Defensively, Garnett remains as valuable as any player besides Dwight Howard. According to Synergy Sports' tracking, Garnett was the league's most effective defender against the pick-and-roll. No defender in the league is capable of helping his team in more ways than Garnett, who blocks shots, racks up steals and is strong on the defensive glass. On offense, Garnett has become mostly a pick-and-pop player, which means he rarely draws fouls or comes up with offensive boards, but his efficiency remains strong on the strength of making 53 percent of his 2-point attempts.

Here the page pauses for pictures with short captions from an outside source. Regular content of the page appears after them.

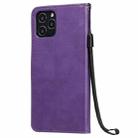 For iPhone 12 / 12 Pro Solid Color Horizontal Flip Protective Leather Case with Holder & Card Slots & Wallet & Photo Frame & Lanyard(Purple) - 2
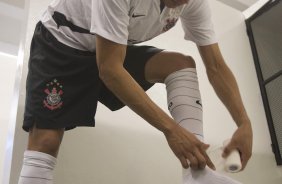 SP - CORINTHIANS/SP X ABC/RN- ESPORTES - nos vestirios antes da partida vlida pelo Campeonato Brasileiro da segunda diviso 2008, ltima partida do primeiro turno, realizada no estdio da Pacaembu, neste sbado a tarde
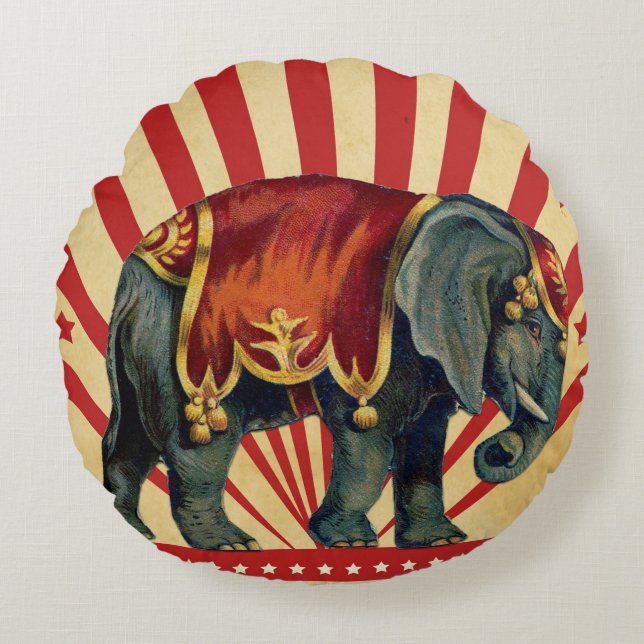  Circus Illustratie Kunst Oud Antiek Rond Kussen (Voorkant)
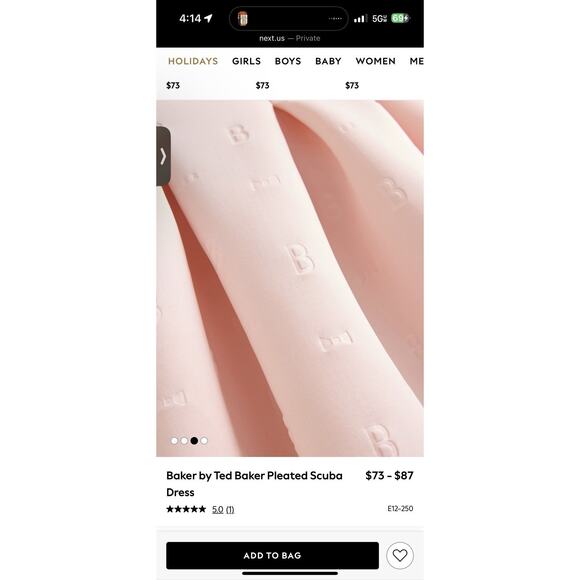 Baker by Ted Baker Pleated Scuba Dress Pink Girls Sz 8 $87 NWT - Picture 3 of 16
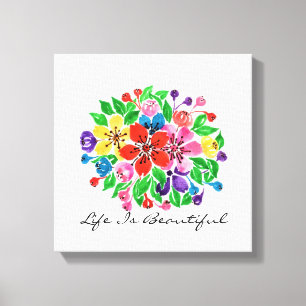 Watercolor Rainbow Flowers Canvas Print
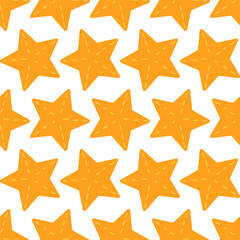 Seamless pattern with cute star with hand drawn doodle texture. Sea starfish animal underwater life. Repeat background print design for fabric, banner, wallpaper. Vector illustration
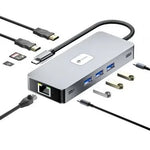 Docking USB Tipo-C Leotec LEDS02/ 3xUSB/ 1xUSB Tipo-C/ 1xUSB Tipo-C PD/ 2xHDMI 4K/ 1xRJ45/ 1xLector Tarjetas SD y MicroSD/ Gris - PixelPlaza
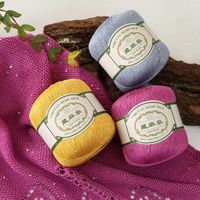50g 350m Benang Katun-Linen Rajut Lembut Berwarna Ramah Lingkungan Berkilau untuk Syal Lengan Pendek Musim Panas, Bordir & Rajutan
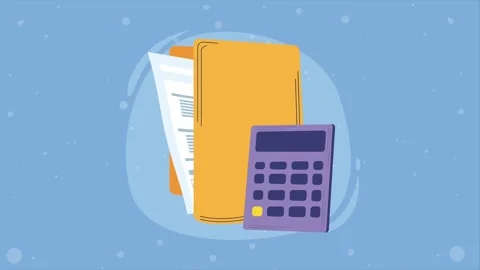 Animated office supply objects featuring paper documents in folder and purp.. Stock Footage 339266708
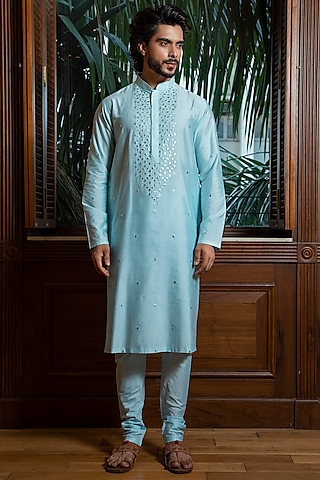 Sky Blue Embroidered Kurta Set by Darshika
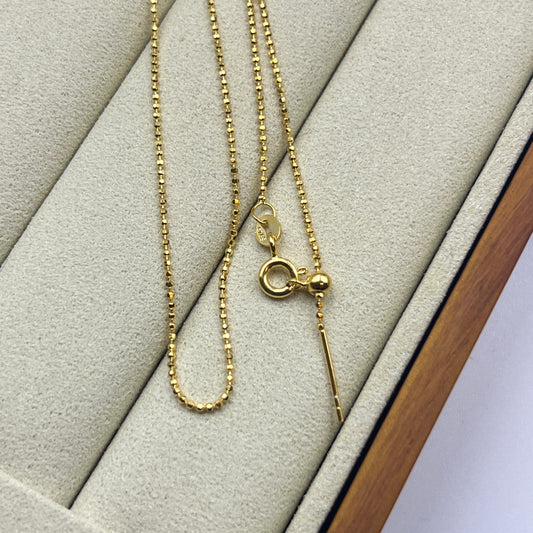 50cm Length Adjustable s925 Sterling Silver Yellow Gold Plated Chain
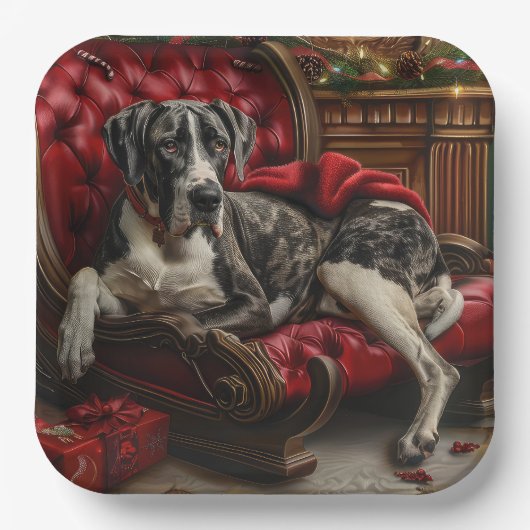 Grote Deen Hond Kerstfeest Papieren Bordje (Voorkant)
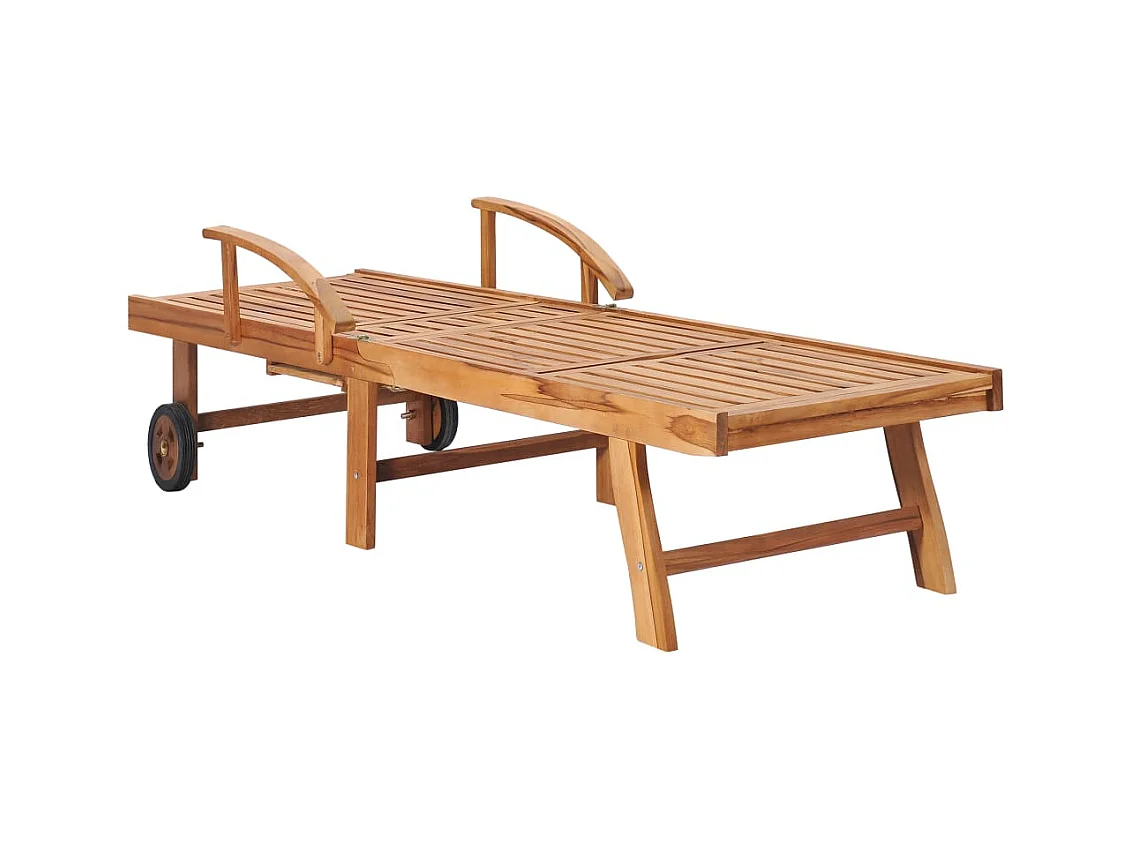 Chaise longue avec coussin vert Bois de teck solide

Last season, 14 players rated as more effective than Garnett on a per-minute basis. As with Duncan, limited minutes cut slightly into his value, as does a history of injuries. (He missed 11 games last season.) As a result, Garnett ranked 28th in the league in WARP. Garnett's projections are more pessimistic than Duncan's. Players similar to him tended to drop off at age 36, which Garnett will reach in 2012-13. However, few of them were as effective defensively as Garnett. The exception is Hakeem Olajuwon, who had a strong season at 38 before fading. On a short-term deal, Garnett should be a worthwhile risk.
Because Boston might be set to rebuild if 2011-12 ends poorly, Garnett could be on the move. His game would work well most anywhere. What's more difficult is finding a scenario that might make sense for him. If Garnett's primary goal is adding a championship ring, he could sacrifice pay and team up with the Miami Heat's Big Three, but that prospect seems almost unthinkable. A more intriguing possibility is for Garnett to reunite with former Celtics assistant Tom Thibodeau in Chicago if Carlos Boozer wears out his welcome and could be moved in a trade.

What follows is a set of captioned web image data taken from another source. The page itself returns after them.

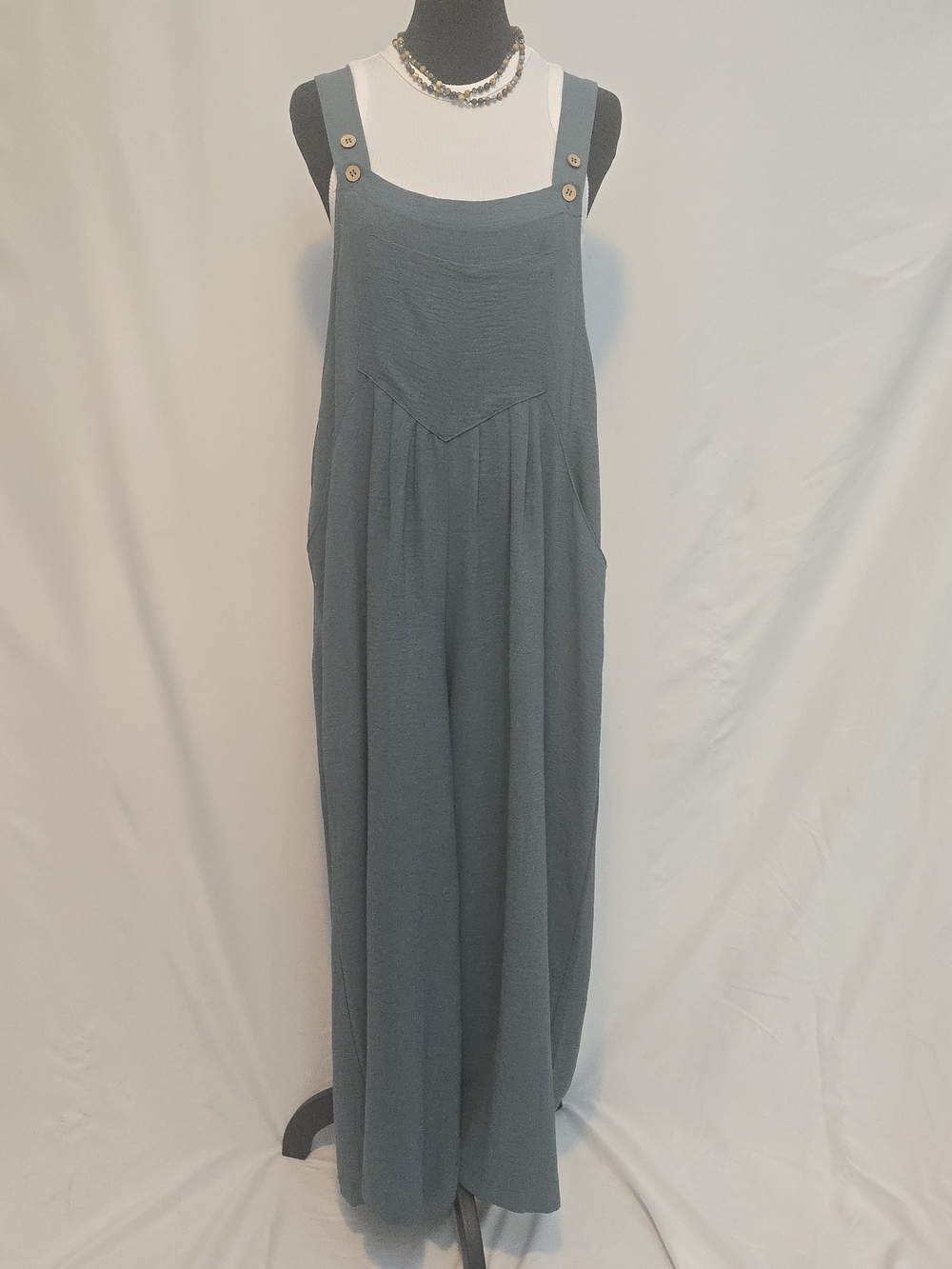 Relaxed Wide-Leg Sleeveless Jumpsuit in Teal-Green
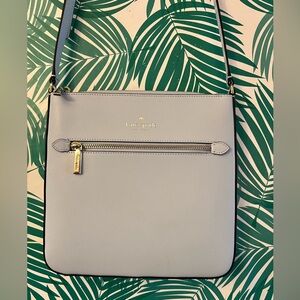 NWT Kate Spade Lrg Sadie North South crossbody saffiano leather blue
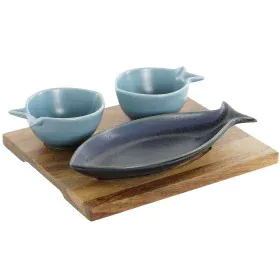 Set de Aperitivo Home ESPRIT Azul Azul cielo Porcelana Acacia Mediterráneo Peces 19,5 x 16,5 x 1,3 cm 4 Piezas de Home ESPRIT...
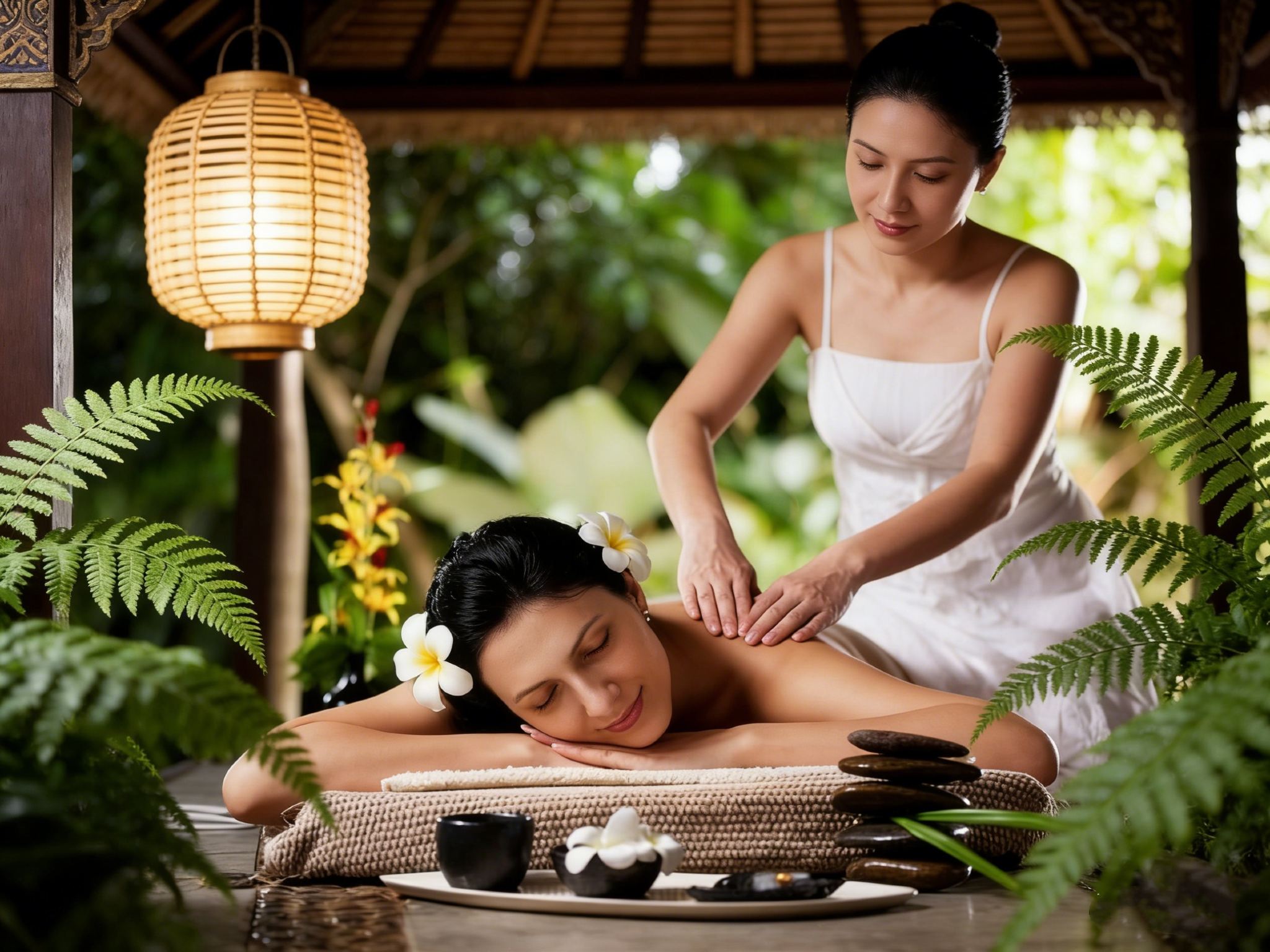 Esperienza termale unica a Bali | SPA Sushine con opzione di trasporto, massaggio con pietre calde/oli essenziali, Lulur, massaggio a 5 stelle e bagno di petali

* Forsberg's thoughts: One other option to consider is retirement. Garnett hinted a couple times last year that he was nearing the twilight of his career and, depending on the success of Boston's 2011-12 season (assuming there is one), it's not improbable for him to walk away even with a little something in the tank (remember that he's got 43,915 regular-season minutes played being a member of the prep-to-pro class). We could also see Garnett agreeing to a budget-friendly, short-term deal to hang around in Boston a bit longer. But Pelton's idea of Garnett going home to Chicago and reuniting with Thibodeau is interesting as well and a scenario that Celtics fans probably hope never happens.